Closed squigzzz closed 2 weeks ago
also as a follow up to this, I am curious as to why mitochondria mode is not being used with the mutect2 implementation you have currently embedded. There are several advantages to this pipeline, but perhaps the entire logic of a sample specific reference needs to be rebuilt.
Hi squigzzz and thank you so much for your feedback!
Sure, we will try to update the pipeline, set "GT=1/1" for the homoplasmic calls and further check the haplocheck functionality.
Tests on simulated data performed better when using plain "Mutect2" than "Mutect2 --mitochondria-mode" . The latter, would miss some of the simulated SNVs, it is why we did not use it.

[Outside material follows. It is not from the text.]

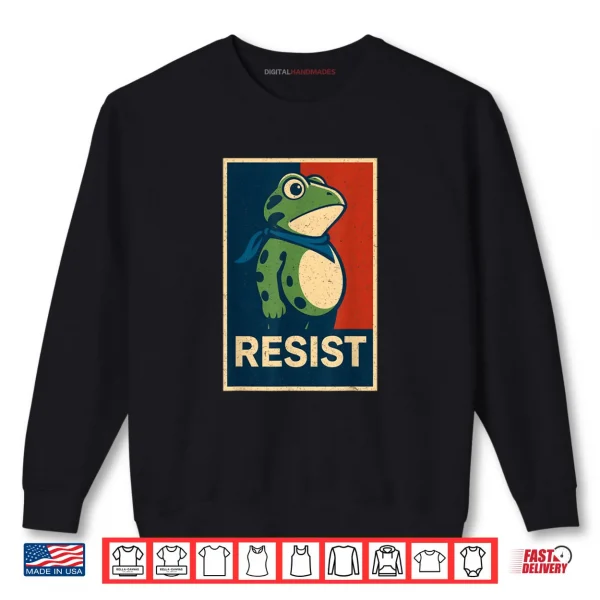 Sweatshirt Portland Frog Protest Retro Vintag Shirt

However, the "mitochondria-mode" can easily be enabled by setting export HP_GOPT="--mitochondria-mode" in the "init.sh" file
Thank you for getting back to me so quickly, I greatly appreciate it. I am also curious whether in the current implementation therer is any filtering thats being done to the raw VCFs prior to ingesting them into haplocheck. Since some of the variant calls could be annotated as NUMTS or other sequencing artifacts. Would it be wise to perform some level of initial QC on the VCFs prior to ingesting them into haplocheck ?
there was a pretty significant change made to the code in the past 2 months which got haplocheck working properly, not sure what that was but thank you for that.

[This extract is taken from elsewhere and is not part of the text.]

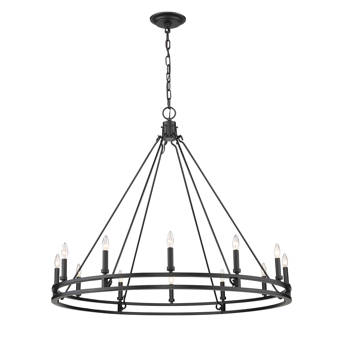 Gracie Oaks Adamsville 12 Light Candle Style Wagon Wheel Chandelier Reviews Wayfair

I wanted to drop some notes here based on my research, according to the haplocheck documentation https://mitoverse.readthedocs.io/haplocheck/haplocheck/, it requires vcf genotypes to be encoded as 0/1 for heteroplasmic sites and 1/1 for homoplasmic sites however, the way mutect2 is currently being implemented, its not using mitochondria mode which means every variant site is being encoded as homozygous or heterozygous as it is assuming these sequences are from the nuclear genome and are diploid. When you ingest this mutect2 generated vcf into haplocheck nearly every sample will come back as contaminated since every site is essentially heteroplasmic. In addition, within the mitoHPC publication itself within your figure 2 flowchart you mention how haplocheck should be used only with the rCRS reference however in the code implementation if you try to run the pipeline using rCRS instead of chrM it crashes with a samtools header error. As such I believe the mutect2 output should never be used with haplocheck, atleast not in its current implementation. Would appreciate any feedback, comments. Thanks.
More practically, I didnt observe any major differences when using the chrM reference as opposed to rCRS for calling variants using mutserve.